Si el presidente catalán adelanta las elecciones al no aprobar las cuentas, su ejemplo servirá para golpear políticamente al jefe del Ejecutivo
A diferencia de Pedro Sánchez, al menos de momento, el presidente de la Generalitat, Salvador Illa, ha aprobado en su Consejo de Gobierno el primer paso para sacar los presupuestos para 2026. Lo ha hecho sin garantías de que salgan adelante ante la negativa de ERC. Los republicanos no han entrado en la negociación presupuestaria, con unas cuentas de elevadísimo gasto social e inversiones, y con un primer visto bueno de los Comunes.
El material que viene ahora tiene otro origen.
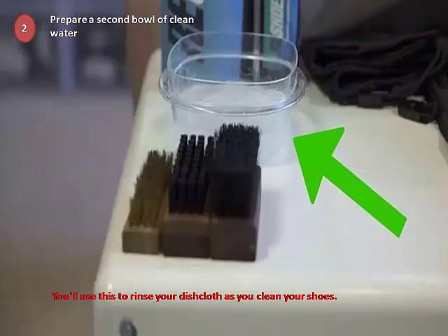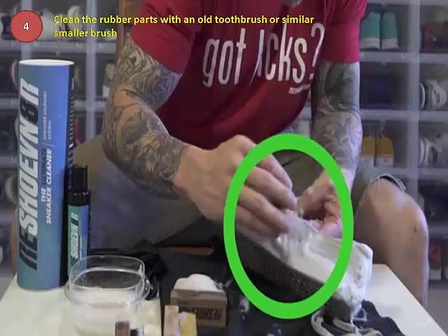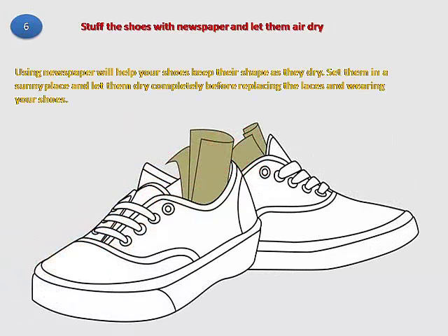Step 2: Prepare a second bowl of clean water — you'll use this to rinse your dishcloth as you clean your shoes. Step 3: Dip a washcloth or brush in the solution and scrub your shoes. Step 4: Clean the rubber parts with an old toothbrush or similar smaller brush. Step 5: Go back over the shoes with a clean wet cloth. Step 6: Stuff the shoes with newspaper and let them air dry. Using newspaper will help your shoes keep their shape as they dry. Set them in a sunny place and let them dry completely before replacing the laces and wearing your shoes.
Si no hay avance y compromiso cerrado de delegar la recaudación y gestión de la totalidad del IRPF a la administración catalana, no habrá acuerdo presupuestario. Si no hay pacto, dada la condicionalidad impuesta por ERC, la hipótesis de convocatoria electoral en Cataluña entra en el terreno de lo verosímil. El PSC no quiere hablar de ello y el partido que dirige Oriol Junqueras se encoge de hombros sobre una capacidad que no es suya, la de convocar elecciones.
¿No va a ser capaz el PSC de convencer al Gobierno central de que delegue esa competencia fiscal?, inquieren los republicanos. Si Illa convocara elecciones ante la falta de presupuestos, la presión de la oposición parlamentaria nacional sobre Sánchez aumentará considerablemente, al poner en el espejo, frente a frente ,a su compañero y amigo catalán.